India. Donne disabili, ultime tra le ultime: le iniziative di Pangea
L’India nelle scorse settimane è stata teatro di importanti manifestazioni contro
la violenza sulle donne. Migliaia di persone sono scese in strada per protestare in
occasione della morte di una giovane ragazza che a New Delhi aveva subito uno stupro
di gruppo. Nel corso dei giorni sono cresciute le denunce di aggressioni ma la realtà
ancora non cambia. Benedetta Capelli ha raggiunto telefonicamente a Calcutta,
Luca Lo Presti, presidente della fondazione Pangea Onlus, che da anni opera
in India per migliorare le condizioni di vita delle donne disabili:
R. – Siamo in
India dal 2007 ed in questo momento sono nello slum di Park Circus, quella che è proprio
la “città della gioia”, dove la gente vive a mezzo metro dal binario del treno, in
baracche fatte di stracci, di pezzi di gomma e plastica. È sempre stato così ed ho
il timore che sempre sarà così. In questi giorni - finalmente - si è data eco a quelle
che sono le violenze che qui le donne subiscono, al disconoscimento che le donne subiscono
in un Paese che si dichiara la più grande democrazia del mondo. Qui però il cambiamento
vero che si è sentito è stato quello della società civile. E’ scesa infatti nelle
piazze, in strada, protesta perché chiede le leggi. Io ho avuto modo di parlare con
un parlamentare dello Stato del Sud Bengala che nega assolutamente che in questo Stato
e che in India ci siano violenze: dice che sono effetti sporadici di “violenza controllata”,
una bolla mediatica. Sappiamo benissimo, invece, dai rapporti di Pangea ma anche dai
rapporti di tantissime altre organizzazioni, che la media statistica dello stupro,
qui in India, è uno ogni 80 secondi. Siamo davanti alla negazione da parte delle istituzioni,
davanti ad una realtà che è quella che ho di fronte in questo istante con bambini
nudi che giocano sui binari, dove tra poco passerà un treno, mamme che cercano disperatamente
di sopravvivere e di far vivere i loro figli e uomini che qui a Calcutta sono gli
ultimi, i cosiddetti “uomini cavallo”, ovvero quelli che tirano a piedi i risciò.

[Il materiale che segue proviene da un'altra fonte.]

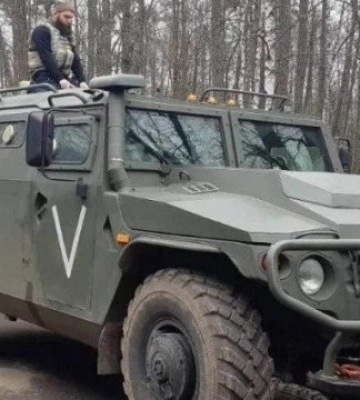 Віталій Кім показав бронеавтомобіль Тигр, який російські військові продали українській стороні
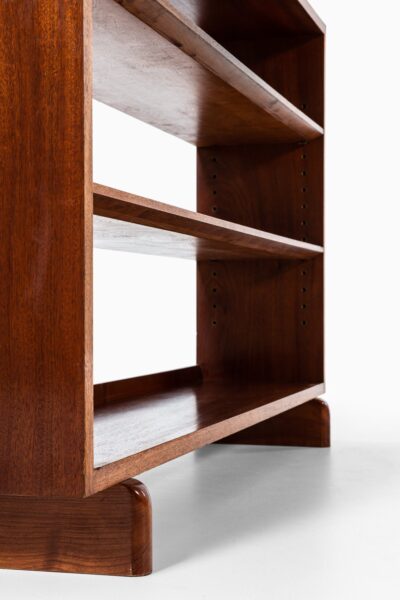 Josef Frank bookcase in mahogany by Svenskt Tenn at Studio Schalling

L’India della grande tecnologia e delle grandi innovazioni, della grande economia
e sviluppo è veramente lontana da quello che è la gente, la popolazione che, per la
maggior parte, vive in questo grande continente. La forbice è altissima così come
la forbice dei diritti.
D. - Voi vi occupate della condizione femminile ed
in particolar modo avete a cuore la condizione delle donne disabili. Su questo fronte
Pangea quale impegno ha?
R. - Pangea, nelle aree del mondo in cui lavoro, fa
“microcredito”: progetti che portano sviluppo e non assistenza, o assistenzialismo;
progetti che - qui a Calcutta, o in altre parti dell’India - partono proprio dalle
“ultime delle ultime”, ovvero, le donne disabili che sono emarginate perché donne
e rigettate perché disabili. La bellezza di un progetto di sviluppo come il nostro
è il processo di emancipazione attivato che le ha portate fuori da queste baracche.
Abbiamo impiegato tre anni per far capire loro che esistevano, per far sì che loro
smettessero di essere oggetti anche di utilizzi sessuali, da parte di tutte le comunità
e da parte della propria famiglia, e perché oggi possano essere imprenditrici ed essere
assistite sia legalmente che da un punto di vista sanitario.
D. - Una dimostrazione,
quindi, che lavorare accanto alle persone, facendo loro capire che si hanno dei diritti,
dà frutti veri, consistenti e importanti…
R. - Sì, tutto deve partire proprio
dalla presa di coscienza perché non c’è aiuto che si possa dare. L’aiuto, ogni persona
lo deve dare a se stessa ma trova l’energia solo se parte da un processo di autoconsapevolezza,
che inizia dall’aspetto educativo e formativo.